With limited space, I began looking at benchtop units, but keep hearing that I won’t be able to get the accuracy I need with these. Do you all agree with that? My budget is keeping me from purchasing a new contractor or cabinet saw, so I’ve been looking at used saws. Does this seem like the right way to go? I can work it into the shop if I can get a mobile base set-up.

I am going to look at a fully reconditioned Rockwell 34-325 saw today. Does anyone have any experience or knowledge with these saws?? I can’t find too much info on line. Motor is new Universal Type Motor (2.5 HP), fence system is upgraded (Craftsman Align-a-rip), cast iron top was reconditioned and the saw is on a self leveling mobile base. Saw is said to be reconditioned to “as-new” condition. They are asking $275 for the saw. Does this seem reasonable???

Either way, any advice you guys/gals can offer when I’m looking for a reasonably inexpensive “accurate” saw, if that’s not an oxymoron, is much appreciated!


3 replies so far

View JimmyNate's profile


124 posts in 3378 days

#1 posted 03-29-2010 04:57 PM

I love my Sawstop, but it’s on a whole other budget.

Consider making yourself a couple jigs for a circular saw with a good blade. I believe you could get better accuracy with this method than with contractor saws.

If you go for a table saw (with patience, craigslist is a good place to look), look for one with a good fence like the biesemeyer or delta’s unifence. Get an induction motor if you can. Make sure the miter slots are not some odd size.

I think folks have been talking up a Rigid saw in this price range. You might do a search and see what you can find.

Good luck! Take your time and find the right saw for you, you’ll be glad you did.

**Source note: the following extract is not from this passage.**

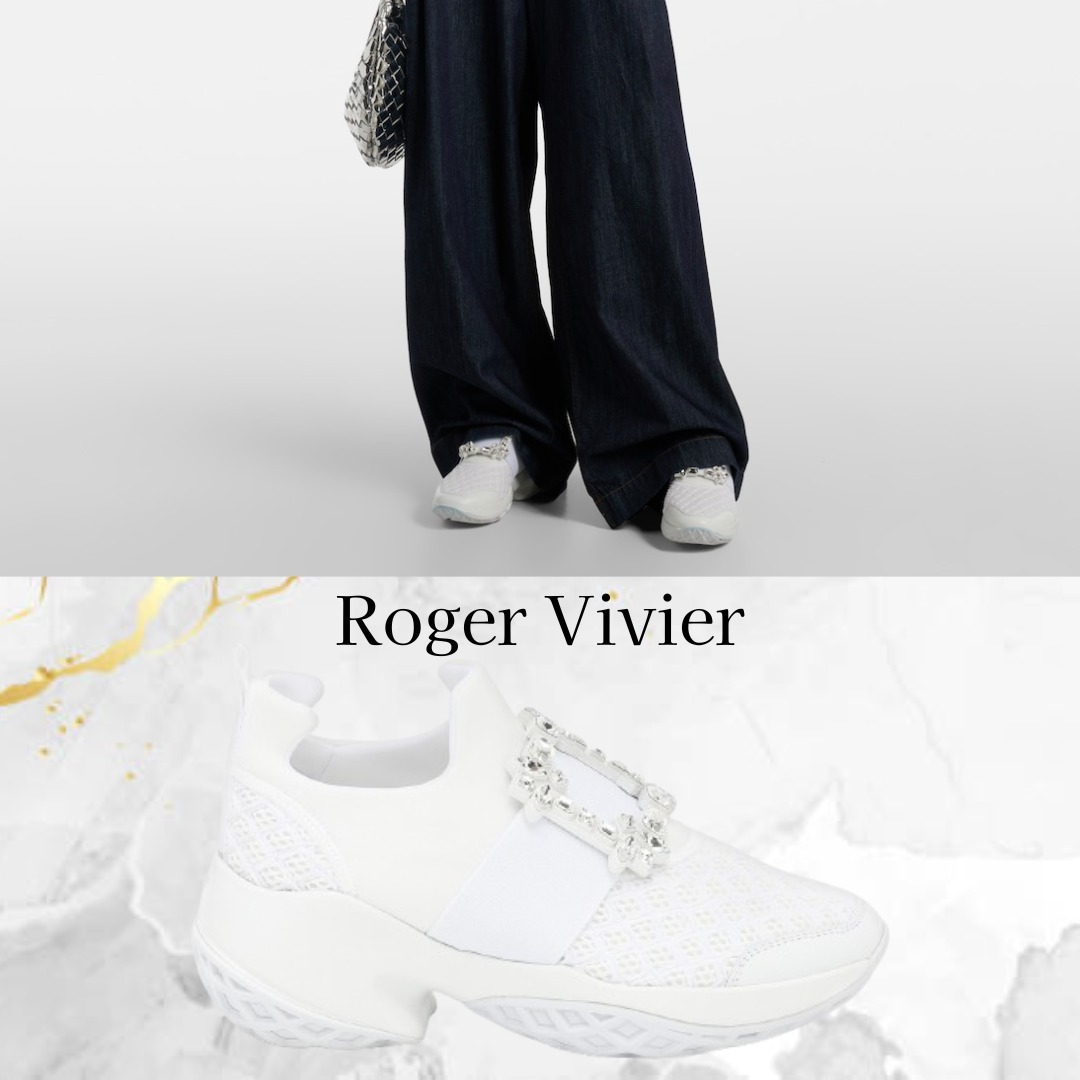 Roger Vivier☆Viv' Run 装飾 スニーカー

-- "We are what we repeatedly do; excellence then is not an act but a habit." ---Aristotle

View HallTree's profile


5664 posts in 3795 days

#2 posted 03-30-2010 02:16 AM

Sounds like a good buy for a reconditioned “as-new” Rockwell saw with a new motor and the upgraded Craftsman Aligh-a-rip! The only other thing I can say is when it comes to a saw blade, get the best, don’t skimp on the price.

-- "Hold on to instruction, do not let it go; guard it well, for it is your life" Solomon

View richgreer's profile


4541 posts in 3102 days

#3 posted 03-30-2010 02:35 PM

My workshop is just under 400 square feet. Relative to other shops I have read about on this site I consider my workshop to be mid-sized. I need to have some tools on mobile bases so I can move them around. However, I really don’t like the idea of putting my TS on a mobile base. It is critically important that your TS stay in proper alignment. I designed my shop so the TS could remain stationary but I have my planer and jointer (2 separate machines) of mobile bases.

Someone else will probably say I am all wet. Perhaps you can put a TS on a mobile base and have no problems. I would recommend a top quality mobile base and (hopefully) very smooth floors if you have to put it on a mobile base.

-- Rich, Cedar Rapids, IA - I'm a woodworker. I don't create beauty, I reveal it.